» Records for the task:
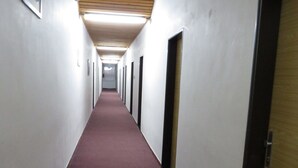 Un long couloir étroit aux murs blancs, au plafond orné de panneaux de bois et recouvert d’un tapis rouge.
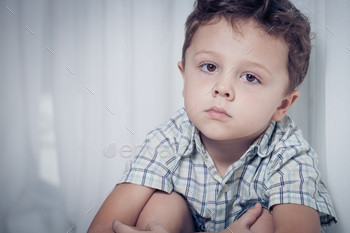Photodune Portrait of sad little boy sitting near the window at home 18788073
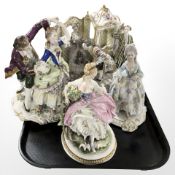 A Capodimonte porcelain figure of a seated lady holding a songbird and three further continental
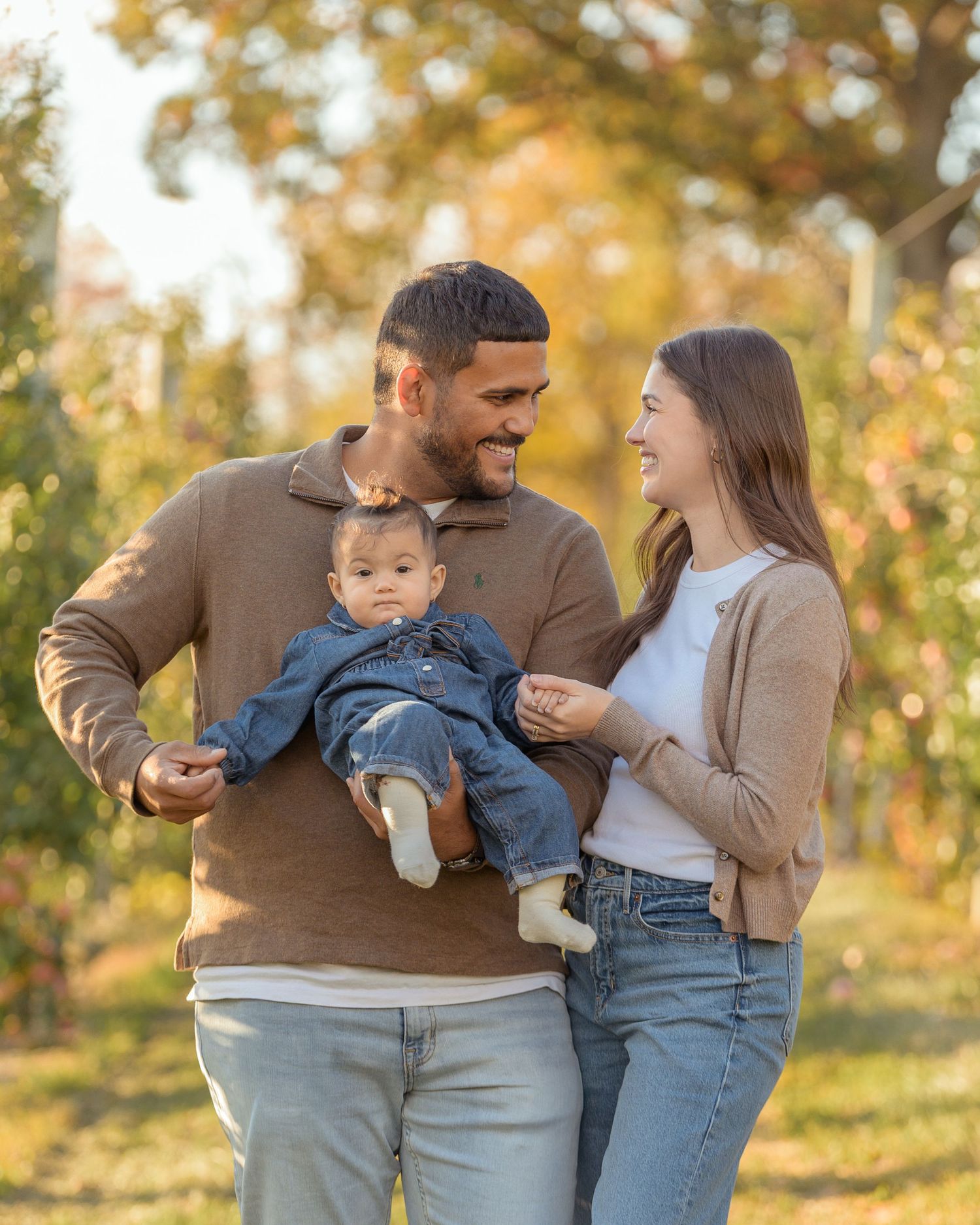 Family wearing brown and white outfits poses together during autumn photoshoot in park setting.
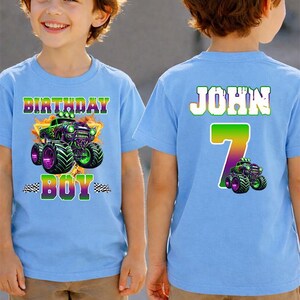 K&ouml;nnte beinhalten: Zwei hellblaue T-Shirts mit einem Monster-Truck-Motiv. Auf einem Shirt steht "BIRTHDAY BOY" und auf dem anderen "JOHN 7". Die Shirts werden von einem jungen Mann getragen, der khakifarbene Shorts tr&auml;gt.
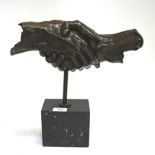 A CONTEMPORARY BRONZE SCULPTURE of hands shaking on a rectangular black marble base, overall 34cm in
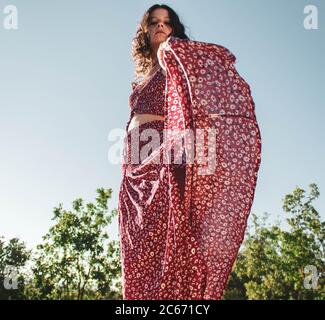 Junges Mädchen in langen roten Sommerkleid auf dem Vorbeigehen An blauem Himmel Stockfoto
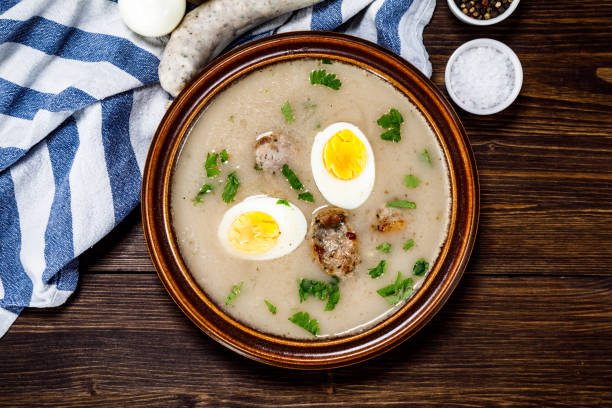 istock Sour rye soup on wooden table 1130934815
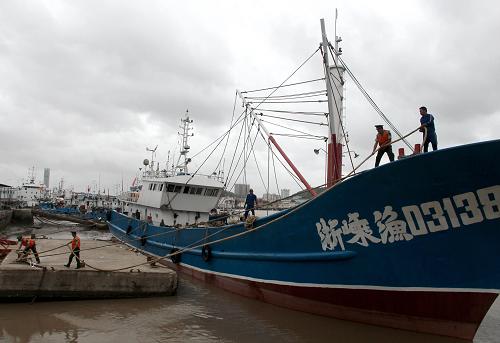 8月21日,在浙江省寧波市鎮(zhèn)海區(qū)水產(chǎn)碼頭,海警官兵和工作人員加固纜繩防范臺風“潭美”。新華社發(fā)(索向魯 攝)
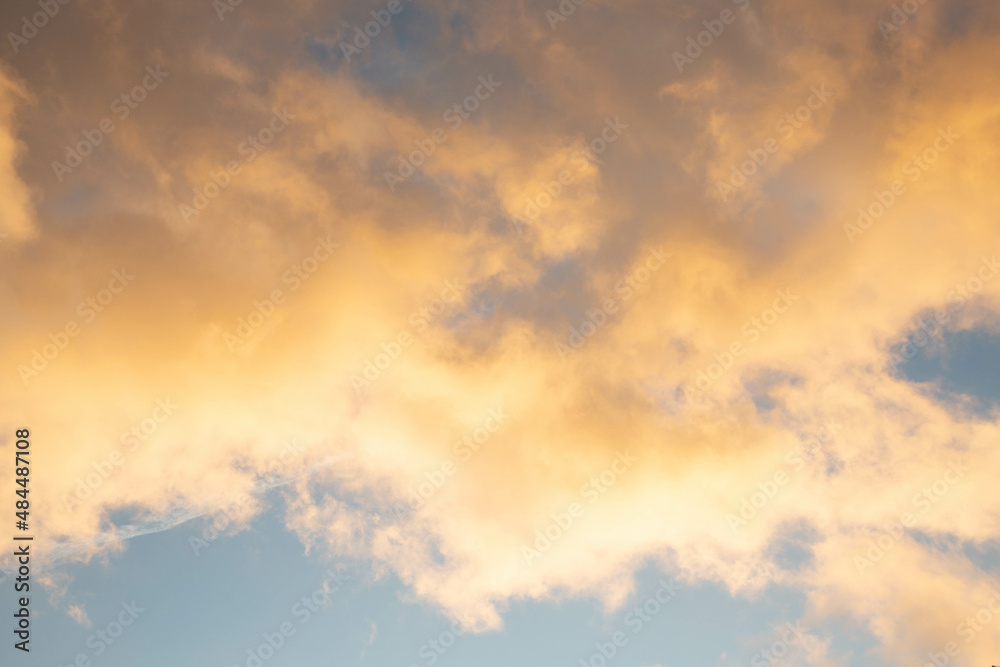The background of a blue dramatic sky with yellow clouds illuminated by the sunny evening light.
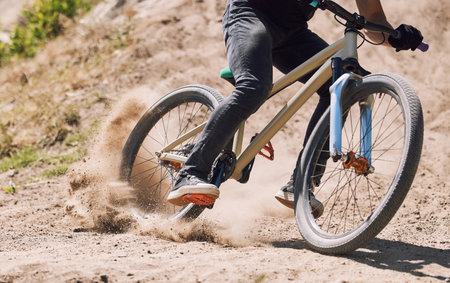 Action, sand and person on bicycle for riding, fitness and exercise outdoor with race, speed or dirt. Athlete, performance and off road mountain bike cycling for adventure, sport or workout in natureの写真素材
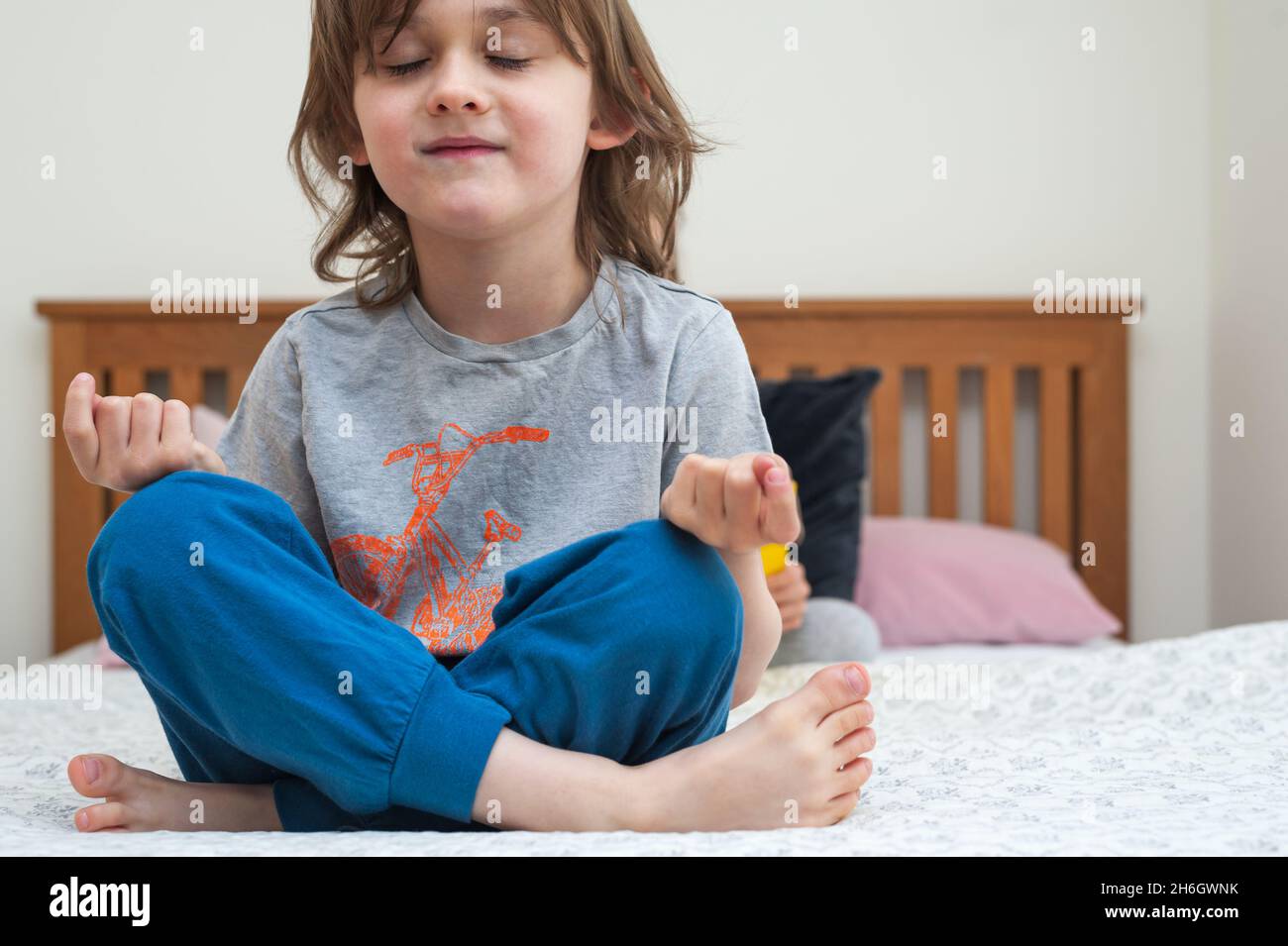Cute, little boy sitting comfortably on bed in bedroom and training yoga in lotus pose Stock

» Aim of the task: In the listing above, find the line with "A CONTEMPORARY BRONZE" and the line with "The background of". Set down exactly those lines and everything between them, skipping pictures.

» Response for this exercise:
 A CONTEMPORARY BRONZE SCULPTURE of hands shaking on a rectangular black marble base, overall 34cm in
 Junges Mädchen in langen roten Sommerkleid auf dem Vorbeigehen An blauem Himmel Stockfoto
 istock Sour rye soup on wooden table 1130934815
 8月21日,在浙江省寧波市鎮(zhèn)海區(qū)水產(chǎn)碼頭,海警官兵和工作人員加固纜繩防范臺風“潭美”。新華社發(fā)(索向魯 攝)
The background of a blue dramatic sky with yellow clouds illuminated by the sunny evening light.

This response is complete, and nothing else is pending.